- Born: Krithi Shetty
- Occupation: Actress
- Years active: 2009–2015

= Advaitha (actress) =

Indian Tamil-language film actress

Krithi Shetty, known by the stage name Advaitha, is an Indian actress appearing in predominantly Tamil language films.

==Career==
At one of her Bharatanatyam performances, theatre director Jai Theertha, noticed that the actress is very talented and he convinced her to join Samasthi Sunday School of Drama. Consequently, she pursued a diploma course in drama and performed in a play titled ‘Preethi’, later having an opportunity to play the lead role in 'Sadarame’, performing all over the state of Karnataka.
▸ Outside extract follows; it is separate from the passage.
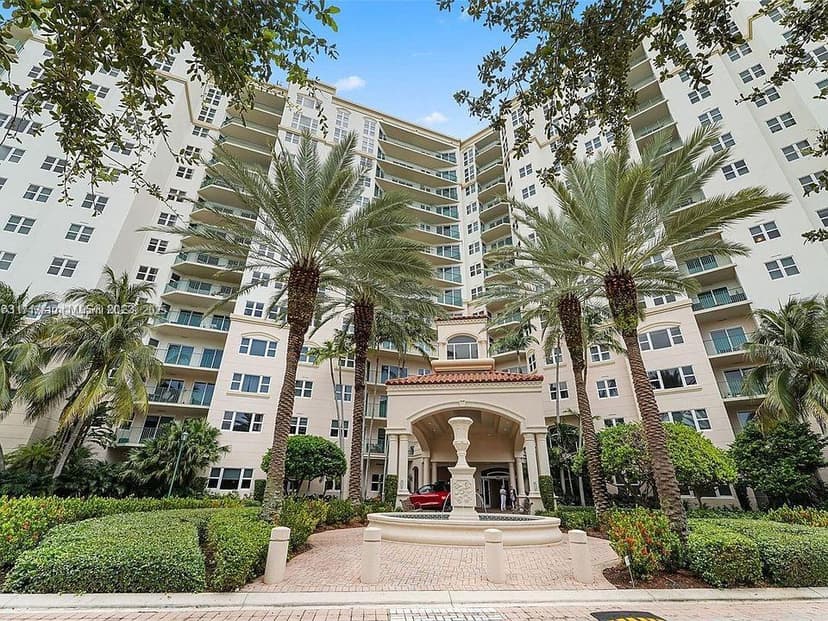 19900 E Country Club Dr # 318, Aventura FL 33180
Krithi collaborated with director Sunil Kumar Desai, and was ast as one of the leads in the unreleased Kannada film Sarigama. At the same time, she met Murali from the Tamil film industry who offered her an opportunity to play the lead role in Sagakkal directed by Swami. The actress then starred in Suseenthiran's critically acclaimed Azhagarsamiyin Kuthirai (2011) alongside Inigo Prabhakaran, before featuring in another little known Tamil film Kondaan Koduthaan, the following year.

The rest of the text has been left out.